The word "real-time" gets thrown around in integration projects the way "AI" gets thrown around everywhere else: as a badge of seriousness rather than a considered engineering decision. Somewhere in most requirements documents there is a line that says the systems must be integrated "in real time," written by someone who has never been asked to defend what that costs. In more than two decades of connecting ERP, EAM, CAFM and line-of-business systems, I have learned that the honest question is never "should this be real-time?" It is "does a delay here change the outcome?" When the answer is yes, real-time integration earns every dirham it costs. When the answer is no, it is an expensive habit. This guide walks through the use cases where it genuinely pays, and is equally candid about where it does not.
Before we get into specific use cases, it helps to place real-time integration in the wider picture. If you want the full grounding in how systems talk to each other at all, the patterns, the middleware, the trade-offs, start with the pillar guide, enterprise system integration explained. Everything below assumes you already understand that integration is a spectrum, and that real-time sits at the expensive, high-value end of it.

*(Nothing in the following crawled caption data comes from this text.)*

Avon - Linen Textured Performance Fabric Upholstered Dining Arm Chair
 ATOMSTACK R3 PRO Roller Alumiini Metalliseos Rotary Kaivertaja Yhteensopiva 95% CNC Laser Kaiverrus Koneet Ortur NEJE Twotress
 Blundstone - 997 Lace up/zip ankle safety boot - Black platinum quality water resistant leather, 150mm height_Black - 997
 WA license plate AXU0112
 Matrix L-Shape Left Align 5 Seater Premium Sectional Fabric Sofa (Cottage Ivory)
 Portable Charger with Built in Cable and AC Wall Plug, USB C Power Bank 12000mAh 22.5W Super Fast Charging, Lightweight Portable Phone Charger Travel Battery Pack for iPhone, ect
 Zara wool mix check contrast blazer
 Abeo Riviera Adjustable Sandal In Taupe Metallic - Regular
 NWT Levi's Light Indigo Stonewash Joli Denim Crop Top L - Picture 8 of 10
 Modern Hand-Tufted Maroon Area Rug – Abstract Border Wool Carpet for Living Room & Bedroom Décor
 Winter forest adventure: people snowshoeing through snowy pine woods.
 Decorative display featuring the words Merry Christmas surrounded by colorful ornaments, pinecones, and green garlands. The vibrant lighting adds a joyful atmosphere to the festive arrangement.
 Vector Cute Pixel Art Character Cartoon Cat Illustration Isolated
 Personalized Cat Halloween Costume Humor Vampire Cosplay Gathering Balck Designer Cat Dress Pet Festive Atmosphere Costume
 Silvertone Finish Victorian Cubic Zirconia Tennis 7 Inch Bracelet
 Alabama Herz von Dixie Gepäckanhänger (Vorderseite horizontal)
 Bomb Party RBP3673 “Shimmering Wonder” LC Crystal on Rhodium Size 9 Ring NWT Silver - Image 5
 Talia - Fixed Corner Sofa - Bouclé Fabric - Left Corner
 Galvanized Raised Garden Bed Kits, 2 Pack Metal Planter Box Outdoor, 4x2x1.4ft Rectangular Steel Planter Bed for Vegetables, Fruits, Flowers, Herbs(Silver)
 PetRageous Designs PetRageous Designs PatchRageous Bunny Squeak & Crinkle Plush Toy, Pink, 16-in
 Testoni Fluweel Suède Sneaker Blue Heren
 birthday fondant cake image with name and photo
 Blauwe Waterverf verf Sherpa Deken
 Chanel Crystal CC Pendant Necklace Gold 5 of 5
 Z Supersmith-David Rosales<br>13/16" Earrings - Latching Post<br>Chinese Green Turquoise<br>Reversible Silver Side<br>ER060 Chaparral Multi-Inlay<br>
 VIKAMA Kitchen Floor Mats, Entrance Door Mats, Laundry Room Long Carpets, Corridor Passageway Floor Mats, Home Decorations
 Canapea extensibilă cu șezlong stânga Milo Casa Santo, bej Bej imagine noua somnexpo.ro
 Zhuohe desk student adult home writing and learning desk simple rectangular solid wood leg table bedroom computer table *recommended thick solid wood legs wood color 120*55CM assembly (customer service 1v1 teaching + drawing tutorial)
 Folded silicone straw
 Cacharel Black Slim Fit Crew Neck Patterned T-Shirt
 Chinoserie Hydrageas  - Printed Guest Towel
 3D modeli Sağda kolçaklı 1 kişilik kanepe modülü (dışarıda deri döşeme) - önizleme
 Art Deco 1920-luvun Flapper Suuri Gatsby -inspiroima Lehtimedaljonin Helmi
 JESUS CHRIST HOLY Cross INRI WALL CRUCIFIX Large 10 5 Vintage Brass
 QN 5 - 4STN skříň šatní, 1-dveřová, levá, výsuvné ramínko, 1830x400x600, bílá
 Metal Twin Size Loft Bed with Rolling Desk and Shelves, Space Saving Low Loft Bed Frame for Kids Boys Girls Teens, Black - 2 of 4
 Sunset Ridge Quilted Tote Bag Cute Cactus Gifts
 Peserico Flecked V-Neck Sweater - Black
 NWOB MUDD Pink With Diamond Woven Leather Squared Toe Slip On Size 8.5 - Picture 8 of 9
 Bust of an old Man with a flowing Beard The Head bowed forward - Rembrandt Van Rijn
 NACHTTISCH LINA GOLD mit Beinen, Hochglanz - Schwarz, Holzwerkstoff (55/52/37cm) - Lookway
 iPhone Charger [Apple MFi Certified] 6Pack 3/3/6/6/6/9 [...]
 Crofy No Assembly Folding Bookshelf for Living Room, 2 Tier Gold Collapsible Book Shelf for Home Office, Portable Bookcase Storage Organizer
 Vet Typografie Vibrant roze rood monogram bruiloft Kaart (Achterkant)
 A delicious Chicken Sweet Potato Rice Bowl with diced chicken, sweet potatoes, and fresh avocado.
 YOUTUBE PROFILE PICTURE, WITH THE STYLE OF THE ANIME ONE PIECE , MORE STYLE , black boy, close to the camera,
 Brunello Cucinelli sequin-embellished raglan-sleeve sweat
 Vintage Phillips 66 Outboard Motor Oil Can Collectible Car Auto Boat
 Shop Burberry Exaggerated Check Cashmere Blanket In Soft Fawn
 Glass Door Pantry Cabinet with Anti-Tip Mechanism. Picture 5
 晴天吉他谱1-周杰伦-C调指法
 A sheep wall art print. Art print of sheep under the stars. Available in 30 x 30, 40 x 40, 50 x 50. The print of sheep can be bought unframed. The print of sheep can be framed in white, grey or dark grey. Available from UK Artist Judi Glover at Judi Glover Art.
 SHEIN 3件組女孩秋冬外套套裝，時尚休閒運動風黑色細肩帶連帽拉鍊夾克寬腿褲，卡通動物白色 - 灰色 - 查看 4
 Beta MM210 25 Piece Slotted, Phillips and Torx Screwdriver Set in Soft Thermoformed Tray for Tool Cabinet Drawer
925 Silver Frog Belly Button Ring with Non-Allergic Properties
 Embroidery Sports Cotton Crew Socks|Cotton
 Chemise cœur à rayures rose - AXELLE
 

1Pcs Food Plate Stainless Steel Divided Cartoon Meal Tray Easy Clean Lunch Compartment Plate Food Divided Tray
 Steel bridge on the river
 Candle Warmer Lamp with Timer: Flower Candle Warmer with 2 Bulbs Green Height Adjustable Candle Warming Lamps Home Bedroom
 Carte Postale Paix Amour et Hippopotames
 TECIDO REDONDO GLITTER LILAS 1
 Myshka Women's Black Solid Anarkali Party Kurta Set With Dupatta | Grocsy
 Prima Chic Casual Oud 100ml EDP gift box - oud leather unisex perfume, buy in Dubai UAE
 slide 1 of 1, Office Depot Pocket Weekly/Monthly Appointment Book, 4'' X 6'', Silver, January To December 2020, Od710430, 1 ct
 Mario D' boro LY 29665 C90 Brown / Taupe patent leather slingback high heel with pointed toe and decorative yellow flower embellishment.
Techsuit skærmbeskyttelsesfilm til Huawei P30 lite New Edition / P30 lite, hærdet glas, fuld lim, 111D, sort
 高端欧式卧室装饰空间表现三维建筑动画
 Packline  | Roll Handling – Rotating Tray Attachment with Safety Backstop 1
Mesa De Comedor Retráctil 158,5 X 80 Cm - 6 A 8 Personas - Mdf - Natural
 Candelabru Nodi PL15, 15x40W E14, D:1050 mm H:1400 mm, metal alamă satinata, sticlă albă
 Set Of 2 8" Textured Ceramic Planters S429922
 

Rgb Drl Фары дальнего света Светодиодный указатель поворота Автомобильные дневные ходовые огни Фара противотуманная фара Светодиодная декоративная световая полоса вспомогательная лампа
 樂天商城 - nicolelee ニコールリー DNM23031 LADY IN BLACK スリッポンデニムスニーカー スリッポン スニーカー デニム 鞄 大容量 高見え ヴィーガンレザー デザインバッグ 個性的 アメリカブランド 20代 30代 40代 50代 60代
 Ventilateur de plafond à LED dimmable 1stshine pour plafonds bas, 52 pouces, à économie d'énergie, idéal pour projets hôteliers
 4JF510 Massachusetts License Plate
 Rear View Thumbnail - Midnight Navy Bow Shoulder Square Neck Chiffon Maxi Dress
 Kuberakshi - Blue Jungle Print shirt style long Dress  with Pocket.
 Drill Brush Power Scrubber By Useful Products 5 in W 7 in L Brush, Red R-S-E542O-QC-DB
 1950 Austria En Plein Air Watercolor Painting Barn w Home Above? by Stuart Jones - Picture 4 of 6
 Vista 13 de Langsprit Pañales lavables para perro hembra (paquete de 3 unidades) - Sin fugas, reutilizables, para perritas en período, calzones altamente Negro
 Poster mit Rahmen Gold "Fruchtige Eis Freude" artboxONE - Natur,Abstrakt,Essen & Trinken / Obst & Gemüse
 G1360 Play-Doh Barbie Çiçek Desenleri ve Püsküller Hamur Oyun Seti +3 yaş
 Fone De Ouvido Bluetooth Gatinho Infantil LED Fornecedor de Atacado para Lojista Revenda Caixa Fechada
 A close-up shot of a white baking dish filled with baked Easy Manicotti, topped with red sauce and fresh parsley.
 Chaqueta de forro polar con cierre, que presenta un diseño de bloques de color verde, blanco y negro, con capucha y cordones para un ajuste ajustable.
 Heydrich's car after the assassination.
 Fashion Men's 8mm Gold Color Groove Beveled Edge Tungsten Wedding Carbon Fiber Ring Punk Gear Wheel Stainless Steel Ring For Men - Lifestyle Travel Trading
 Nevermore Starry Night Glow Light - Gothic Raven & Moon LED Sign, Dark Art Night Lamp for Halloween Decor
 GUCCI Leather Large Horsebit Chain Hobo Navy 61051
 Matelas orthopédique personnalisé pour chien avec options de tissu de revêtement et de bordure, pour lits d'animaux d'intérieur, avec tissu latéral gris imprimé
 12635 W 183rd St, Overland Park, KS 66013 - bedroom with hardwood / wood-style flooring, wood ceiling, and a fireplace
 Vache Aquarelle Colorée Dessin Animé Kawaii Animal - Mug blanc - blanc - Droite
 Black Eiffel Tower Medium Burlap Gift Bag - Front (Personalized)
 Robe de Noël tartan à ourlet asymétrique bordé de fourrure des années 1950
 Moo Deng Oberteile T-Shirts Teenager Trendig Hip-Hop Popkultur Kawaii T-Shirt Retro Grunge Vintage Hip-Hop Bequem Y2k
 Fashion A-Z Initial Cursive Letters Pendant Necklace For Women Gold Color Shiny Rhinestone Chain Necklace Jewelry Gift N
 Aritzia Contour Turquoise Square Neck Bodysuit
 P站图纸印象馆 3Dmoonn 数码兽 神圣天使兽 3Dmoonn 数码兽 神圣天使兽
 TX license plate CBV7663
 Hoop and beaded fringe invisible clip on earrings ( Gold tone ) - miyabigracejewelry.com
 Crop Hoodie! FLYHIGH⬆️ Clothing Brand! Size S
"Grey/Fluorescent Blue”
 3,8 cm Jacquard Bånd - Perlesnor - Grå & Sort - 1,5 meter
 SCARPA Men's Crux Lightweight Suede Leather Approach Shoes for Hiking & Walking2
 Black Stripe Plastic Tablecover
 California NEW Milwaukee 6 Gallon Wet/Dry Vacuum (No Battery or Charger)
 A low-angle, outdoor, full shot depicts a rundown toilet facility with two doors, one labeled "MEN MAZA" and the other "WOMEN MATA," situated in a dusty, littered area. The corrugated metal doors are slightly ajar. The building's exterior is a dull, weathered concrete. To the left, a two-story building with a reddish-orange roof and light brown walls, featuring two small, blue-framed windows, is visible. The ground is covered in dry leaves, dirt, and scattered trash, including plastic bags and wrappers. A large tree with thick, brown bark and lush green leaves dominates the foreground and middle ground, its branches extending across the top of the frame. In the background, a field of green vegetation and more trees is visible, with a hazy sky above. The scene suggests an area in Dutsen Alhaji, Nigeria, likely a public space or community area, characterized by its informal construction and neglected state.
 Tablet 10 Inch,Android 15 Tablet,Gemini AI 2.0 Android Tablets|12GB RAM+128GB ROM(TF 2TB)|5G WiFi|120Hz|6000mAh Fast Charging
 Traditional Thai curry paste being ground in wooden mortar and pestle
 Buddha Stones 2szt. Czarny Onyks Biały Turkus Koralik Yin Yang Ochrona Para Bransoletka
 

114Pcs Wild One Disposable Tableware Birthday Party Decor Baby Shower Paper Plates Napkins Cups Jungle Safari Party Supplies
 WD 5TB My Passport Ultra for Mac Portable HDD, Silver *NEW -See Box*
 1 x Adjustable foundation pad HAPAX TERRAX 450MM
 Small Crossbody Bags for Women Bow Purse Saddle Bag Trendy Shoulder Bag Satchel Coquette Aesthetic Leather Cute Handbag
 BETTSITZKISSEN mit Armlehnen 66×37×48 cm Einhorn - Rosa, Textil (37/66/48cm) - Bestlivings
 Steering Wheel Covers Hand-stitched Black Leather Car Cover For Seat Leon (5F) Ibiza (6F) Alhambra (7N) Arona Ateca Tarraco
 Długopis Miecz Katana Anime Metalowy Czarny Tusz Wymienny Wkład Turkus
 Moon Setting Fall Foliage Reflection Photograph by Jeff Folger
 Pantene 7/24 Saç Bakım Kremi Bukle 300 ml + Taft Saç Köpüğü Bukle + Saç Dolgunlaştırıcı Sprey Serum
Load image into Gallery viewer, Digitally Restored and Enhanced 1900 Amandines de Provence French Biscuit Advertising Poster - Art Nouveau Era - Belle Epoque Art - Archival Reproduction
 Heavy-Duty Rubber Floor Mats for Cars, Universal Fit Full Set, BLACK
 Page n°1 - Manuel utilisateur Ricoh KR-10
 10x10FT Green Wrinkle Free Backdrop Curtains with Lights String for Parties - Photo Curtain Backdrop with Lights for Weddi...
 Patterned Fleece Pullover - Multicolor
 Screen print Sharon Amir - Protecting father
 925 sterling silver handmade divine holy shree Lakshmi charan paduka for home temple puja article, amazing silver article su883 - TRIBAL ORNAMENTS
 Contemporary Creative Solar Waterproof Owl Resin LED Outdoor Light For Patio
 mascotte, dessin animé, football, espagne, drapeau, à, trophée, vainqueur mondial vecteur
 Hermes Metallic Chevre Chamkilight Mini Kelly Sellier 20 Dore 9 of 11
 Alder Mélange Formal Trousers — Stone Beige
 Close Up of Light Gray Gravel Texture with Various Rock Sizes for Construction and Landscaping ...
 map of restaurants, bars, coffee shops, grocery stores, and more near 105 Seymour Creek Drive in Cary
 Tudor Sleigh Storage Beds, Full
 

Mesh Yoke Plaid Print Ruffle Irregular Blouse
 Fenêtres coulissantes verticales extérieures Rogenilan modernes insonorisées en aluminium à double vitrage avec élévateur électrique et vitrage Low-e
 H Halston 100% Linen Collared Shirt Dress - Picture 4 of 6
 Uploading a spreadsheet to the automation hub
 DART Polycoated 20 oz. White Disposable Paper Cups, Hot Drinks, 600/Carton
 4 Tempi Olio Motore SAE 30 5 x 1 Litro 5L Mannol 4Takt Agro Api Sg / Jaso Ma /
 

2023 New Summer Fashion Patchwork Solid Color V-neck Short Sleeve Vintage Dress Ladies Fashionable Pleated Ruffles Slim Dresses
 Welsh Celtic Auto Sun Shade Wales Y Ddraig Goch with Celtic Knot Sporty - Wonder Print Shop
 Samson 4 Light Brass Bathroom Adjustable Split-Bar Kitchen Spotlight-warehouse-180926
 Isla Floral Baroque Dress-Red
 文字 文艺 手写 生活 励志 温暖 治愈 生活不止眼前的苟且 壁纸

The test I apply to every "real-time" requirement: if the data arrived five minutes late, would a decision be made differently, would money be lost, or would a customer notice? If none of those are true, you do not have a real-time requirement, you have a real-time preference, and preferences do not justify the operational cost of streaming architecture. For the deeper comparison of the two models, see batch vs real-time integration.
1. What real-time integration enables
Real-time integration means that when data changes in one system, the change propagates to the systems that depend on it within seconds, not on the next scheduled batch run. The mechanism is usually event-driven: a business event happens, an event is published, and interested systems react to it more or less immediately. This is a different mental model from the traditional overnight extract-transform-load job that moves yesterday's data into the warehouse while everyone sleeps.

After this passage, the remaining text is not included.